Chad Pecknold, theology professor at Catholic University of America, told CNA the publication of the article points to a "theo-political" conflict in the culture.
"The politically elite core in left-liberal media hate Western civilization and they mean to topple every natural and supernatural sign of it. That’s why it’s not sufficient to simply run a piece on right-wing gun cultures, but they must tie it to something which is theologically central to the civilization they feel most threatens their progressive ziggurat. It’s a sign of the theo-political conflict which now grips us; even still, they severely underestimate the power of Our Lady to reign victorious over evil," Pecknold said.
Fr. Pius Pietrzyk, OP, a Dominican priest of the Province of St. Joseph, told CNA, "The article is a long-running stream of inaccuracies, logical fallacies, and distortions.”
Over at Catholic Culture, the always quotable conservative Phil Lawlor wasn’t so forgiving in his assessment. Here’s the key section:
The intent of the article by Daniel Panneton is, quite obviously, to introduce the notion that a traditional Catholic prayer is a sign of extremism, with the corollary that people who pray the Rosary should be viewed with suspicion. Panneton hopes to alarm readers by reporting that many traditional Catholics, in addition to praying the Rosary, also use military metaphors to describe the struggle against evil, and some of them also own guns. Which more or less proves, he hints, that these people are a danger to society:
On this extremist fringe, rosary beads have been woven into a conspiratorial politics and absolutist gun culture. These armed radical traditionalists have taken up a spiritual notion that the rosary can be a weapon in the fight against evil and turned it into something dangerously literal.
Unpack those two sentences, and you notice that Panneton is first stapling together the Rosary culture and the “absolutist gun culture,” and then drawing the conclusion that the Rosary culture is dangerous. Non sequitur. How, I wonder, could a prayer pose a threat to society?

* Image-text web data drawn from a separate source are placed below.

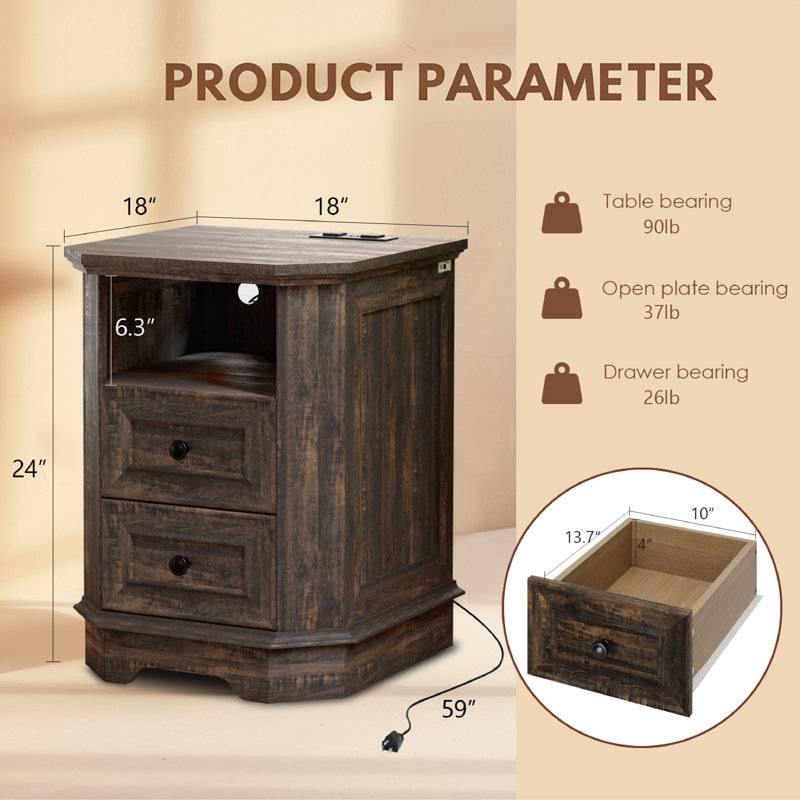 2-Drawer Nightstand, Brown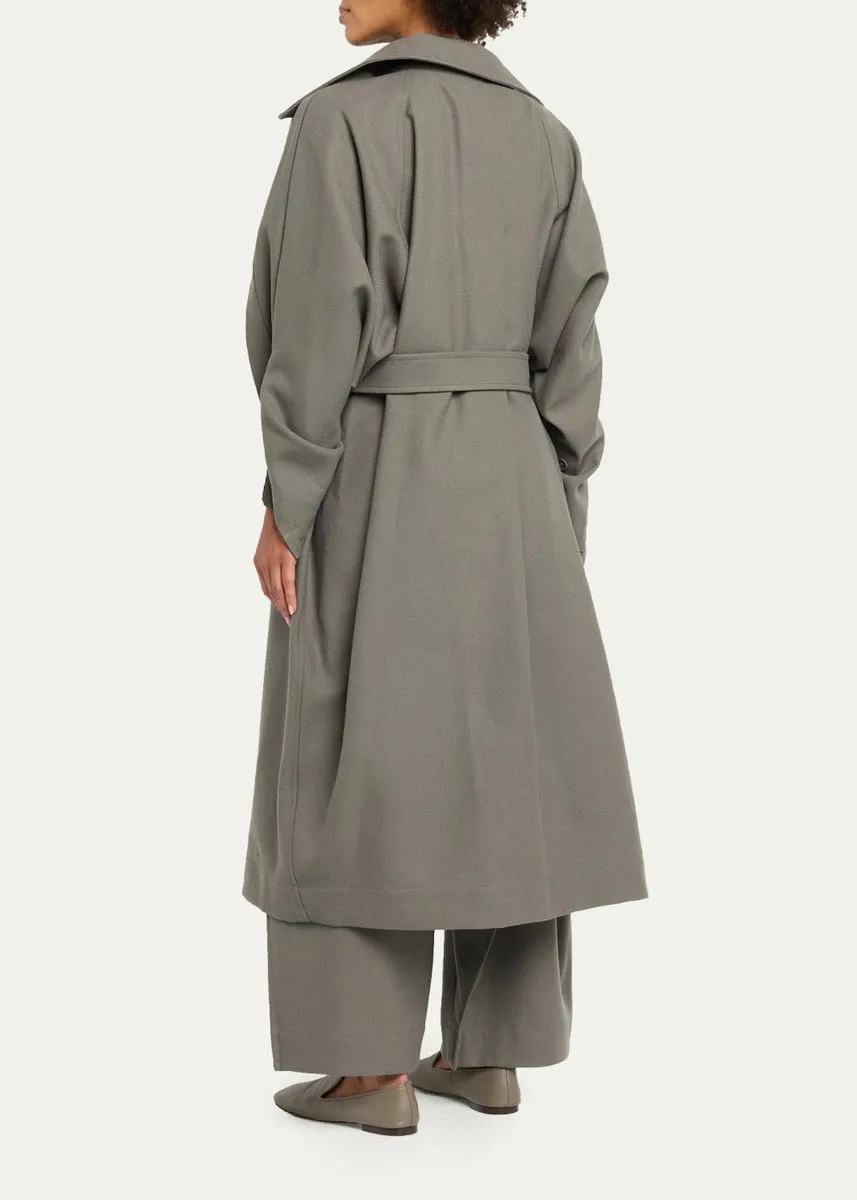 Issey Miyake Calligraph Wool Sculptural Belted Trench Coat | Thumbnail 3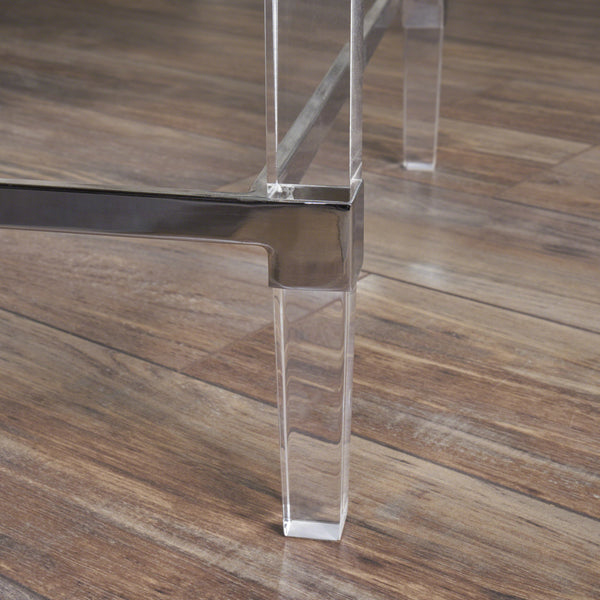 Gdf Studio Bayor Modern Tempered Glass Coffee Table With Acrylic And Iron Accents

To answer that question, Panneton invokes the ubiquitous Massimo Faggioli, who complains about a “Catholic cyber-militia that actively campaigns against LGBTQ acceptance in the Church.” Aha! So the grave threat to society is posed by a cyber-militia, which presumably uses such dangerous weapons as Tweets and Instagram posts, rather than AR-15s and firebombs. And notice that the campaign is not aimed against anyone’s life or property; it is aimed against efforts to change the teaching of the Church. Thus the “rad-trad” Catholics portrayed by Panneton (in very vague terms; the article does not name names) are not a threat to anyone’s security; they are a threat to an ideology.

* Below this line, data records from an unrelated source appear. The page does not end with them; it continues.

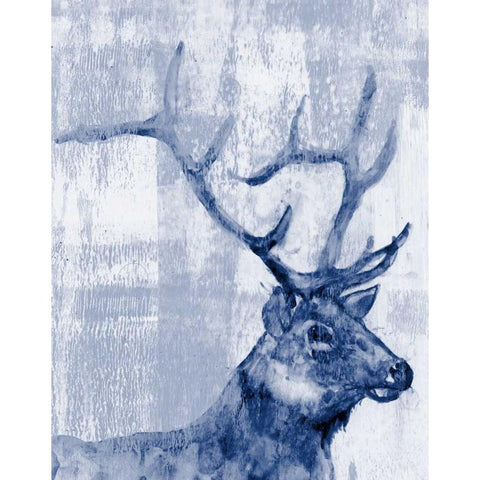 Indigo Elk  Black Modern Wood Framed Art Print by Goldberger, Jennifer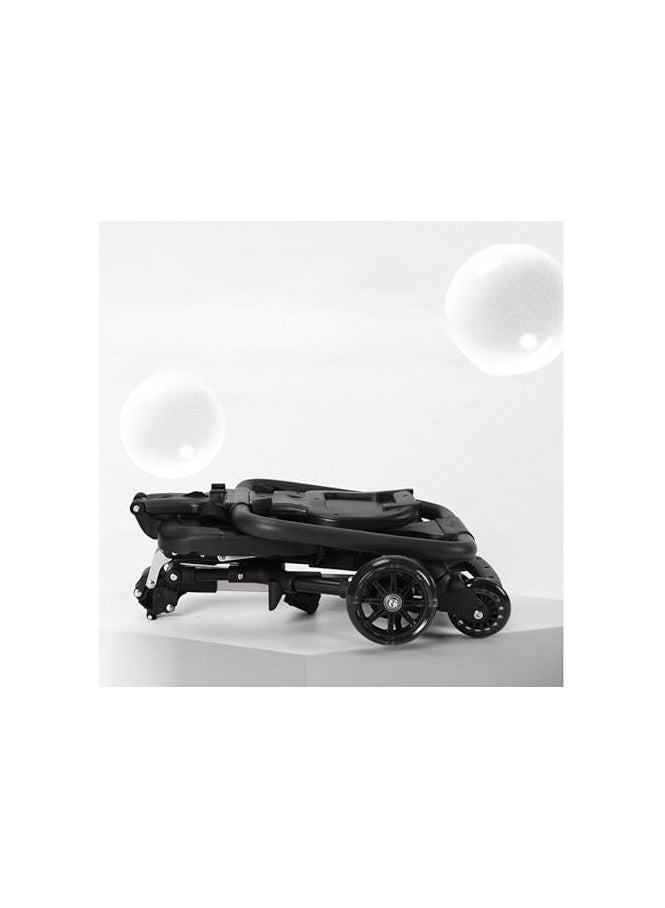 Baby Stroller Professional Foldable 4 Wheels Ergonomic Adjustable Infant Carriage for 1 to 6 Years Old, Portable Folding Lightweight Baby Stroller Compact Stroller Airplane Travel (Type-B Black) - Image 2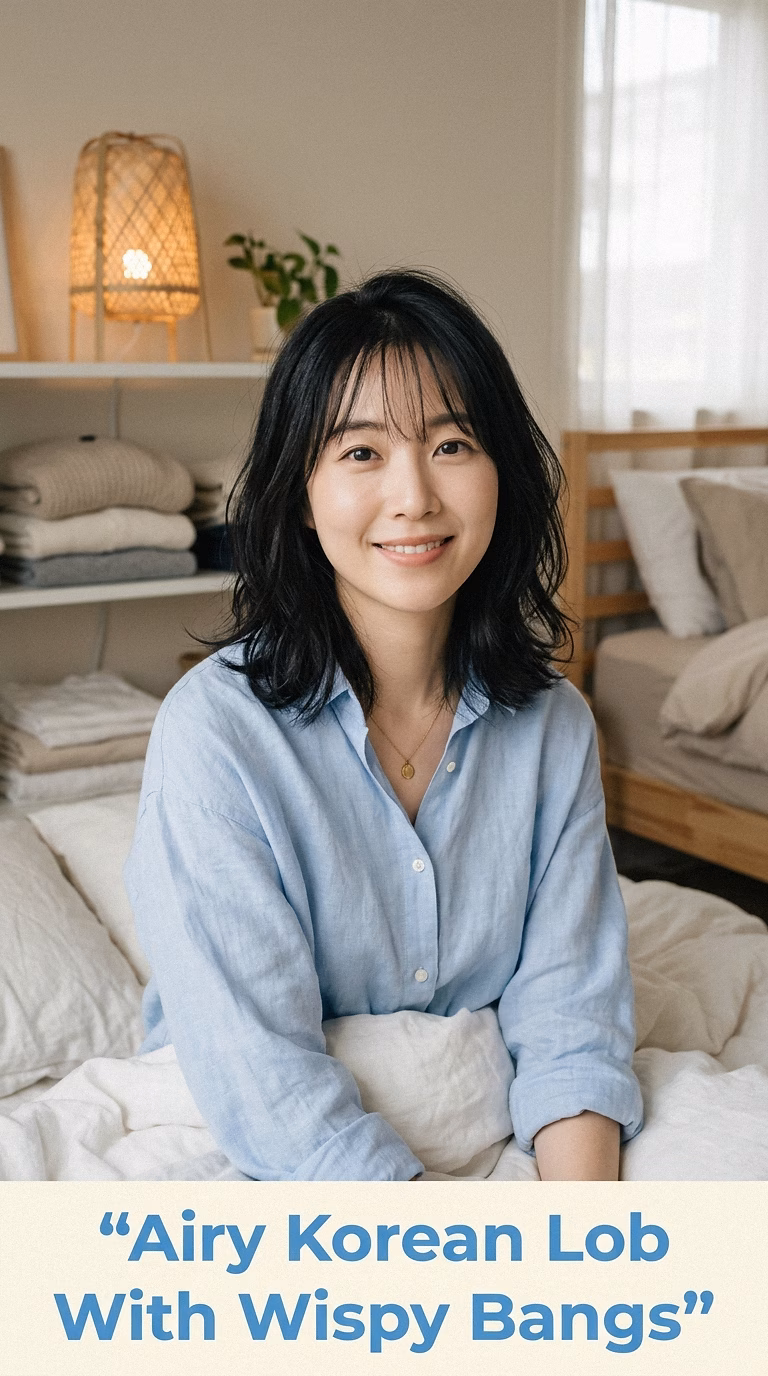Airy Korean Lob With Wispy Bangs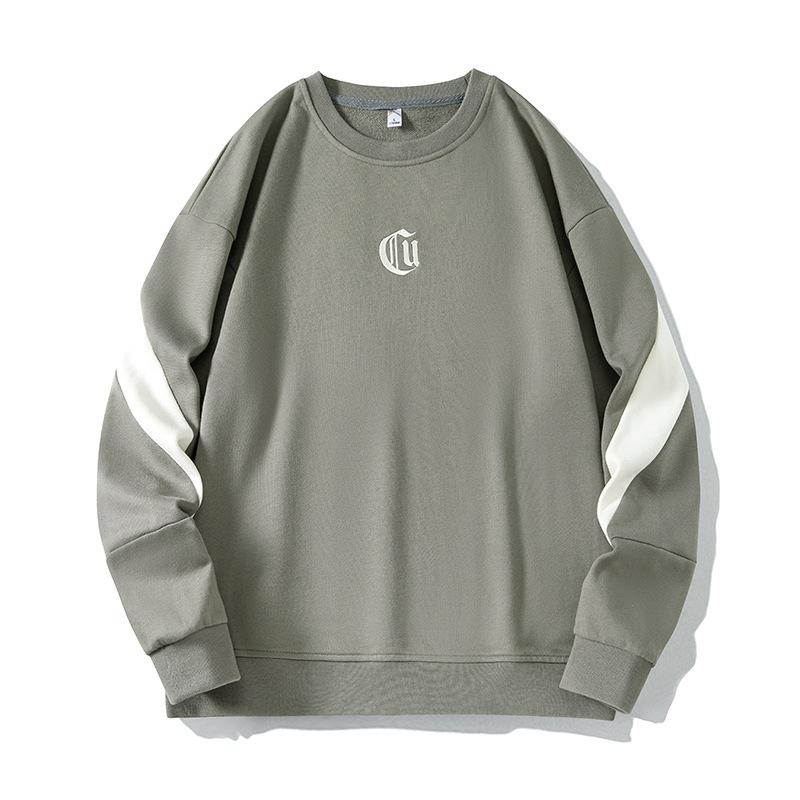 Men's Spring and Autumn Long Sleeve Round Neck Pullover Letter Printed Long Sleeve Breathable Standing Collar Long Sleeve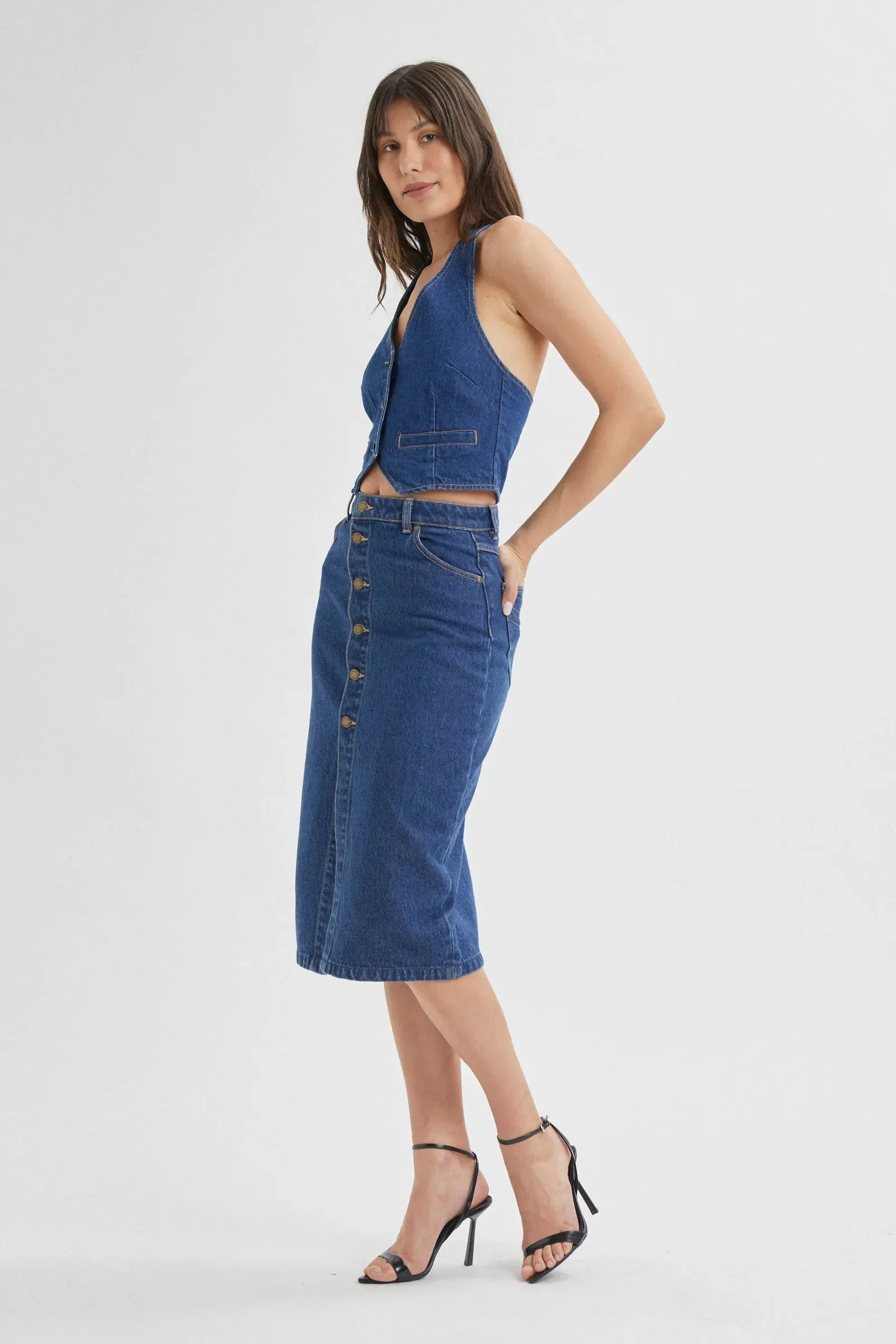 Melrose Skirt in Organic Blue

And yet that is enough. The custodians of liberal ideology cannot tolerate resistance, and so the rad-trads must be defeated, banished, isolated. And Panneton is not alone is taking this stand; the editors of The Atlantic must have been sympathetic; otherwise they would not have allowed the appearance of such an ignorant and illogical article.
Bishop Robert Barron, a theologian and author, took to his YouTube channel to dismiss the article. The takeaway from another frequent voice in media reports: This was “offensive” for “the insinuation that somehow the rosary as Catholics pray it is caught up in some sort of, you know, mindless militancy.”

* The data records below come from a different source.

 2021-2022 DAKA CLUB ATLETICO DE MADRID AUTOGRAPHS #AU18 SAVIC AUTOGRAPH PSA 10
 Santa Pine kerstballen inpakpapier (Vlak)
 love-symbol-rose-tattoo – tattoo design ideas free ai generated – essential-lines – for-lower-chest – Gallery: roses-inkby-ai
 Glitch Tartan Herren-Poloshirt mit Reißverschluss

To Barron’s point, the confusion over what Catholics believe isn’t limited to the rosary. There are many topics — from abortion to immigration and euthanasia to the death penalty — that put Catholics all over the political spectrum. This is why equating religion with political thought is often like trying to put a square peg into a circular hole. It doesn’t always fit so well.
For a look at some hot-button topics, the U.S. Conference of Catholic Bishops provides on its website a handy page dedicated to an array of topics. Every reporter or editor who ever wants to do a story about Catholicism and politics needs to have this page bookmarked.
At the same time, a recent piece comes to mind from New Jersey, one of the few places where the Synod on Synodality — a two-year process initiated by Pope Francis that asks Catholics around the world for their thoughts on the church — is being reporting on. Here’s what The Bergen Record reported in an Aug. 12 news story:
Thousands of New Jersey Catholics gathered over the past year in an unprecedented series of meetings designed to help steer the future of the church.
The consensus, officials say, was clear: The Catholic Church needs to open its arms more to women, immigrants, LGBTQ individuals and others who feel marginalized by the faith.
The desire for more inclusivity was a major theme in discussions with 16,000 parishioners in four of New Jersey's Catholic dioceses, according to summaries released recently by each diocese. While responses varied widely, many at the listening sessions said they too often feel unwelcome. Participants also cited distress at the church's handling of the clergy abuse scandal.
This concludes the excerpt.